Сколько мудрости в таком наставлении!

Наша молитва часто мертва, бездейственна. Но не потому ли, что для нас она лишь последнее средство успокоения нервов, к коему мы прибегаем, после того как исчерпали все предыдущие средства и ни одно не помогло. Повторяя без участия внимания и сознания заученные слова молитв на разные случаи, мы даже не догадываемся о том, что эти слова выражали некогда конкретные желания и просьбы составителей этих молитв к Богу; мы далеки от мысли выражать Богу свои желания, высказывать Ему свои ощущения, делиться с Ним своим горем, или просить помощи и сил, чтобы перенести его без ропота, словом, поступать так, как поступают все, кто видит в Боге не отвлеченную идею, а наиболее к себе близкого и любящего друга…
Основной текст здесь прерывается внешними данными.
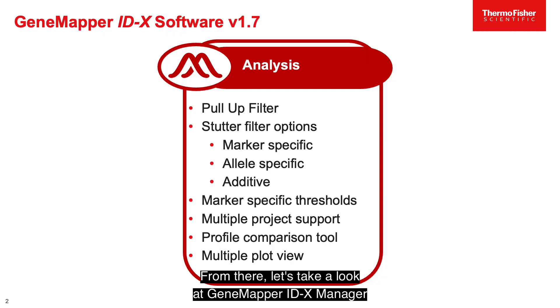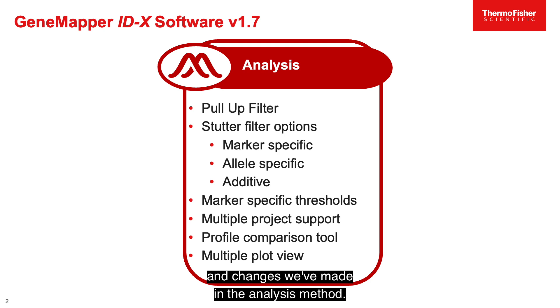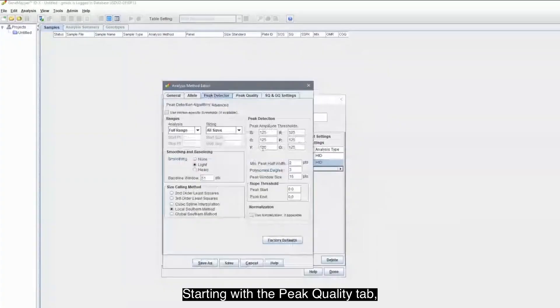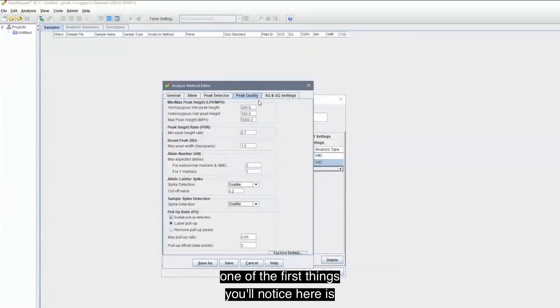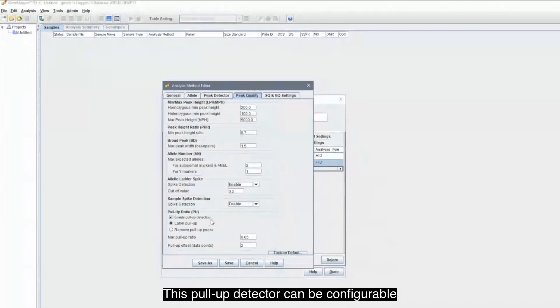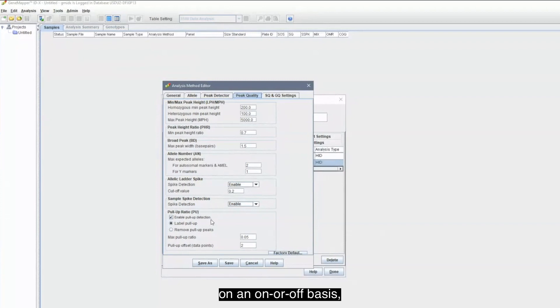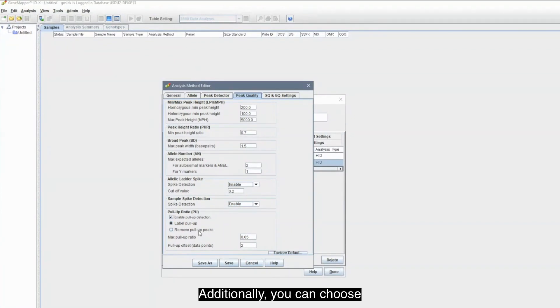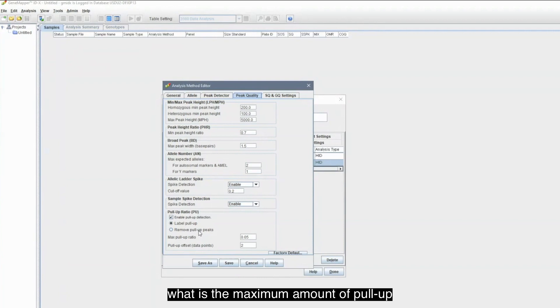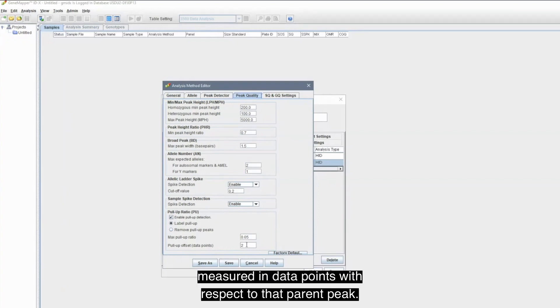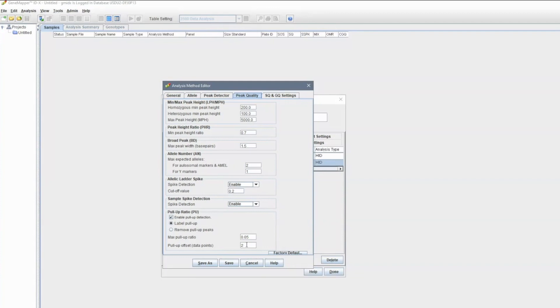From there, let's take a look at GeneMapper IDX Manager and changes we've made in the analysis method. Starting with the Peak Quality tab, one of the first things you'll notice here is we've now added a pull-up detector. This pull-up detector can be configurable on an on or off basis, and you can choose to label your pull-up or completely remove those pull-up peaks. Additionally, you can choose what is the maximum amount of pull-up that you wanted to see or filter, as well as what is the offset measured in data points with respect to that parent peak.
Упав на колени, отрок стал молиться.

Казалось, всё вокруг него молилось вместе с ним. Покрытые росой качались колокольчики на тоненьких стеблях, играло солнце, славя Бога, березки, нежные и стройные, смиренно трепетали…

«Причти меня к избранному Твоему стаду и избавь от всякого греха; пусть не прельщаюсь я удовольствиями мира сего, а будешь моим одним помыслом Ты, Господи», – молился отрок. Он кончил молитву… Его губы уже перестали шептать слова любви и веры его к Богу и, устремив пристальный взор вперед, глазами полными слез, отрок смотрел… Пред ним стоял глубокий старец в одежде схимника. Видение не смутило ребенка. Его горячая, полная детской веры молитва подготовила его к встрече с небожителем… И бедное дитя поведало ему свое детское горе. Старец, ниспосланный Богом, исполнил просьбу Варфоломея, ставшего впоследствии величайшим из русских людей, преподобным Сергием, радонежским Чудотворцем.

Эта встреча небесного старца с неземным отроком и изображена на картине.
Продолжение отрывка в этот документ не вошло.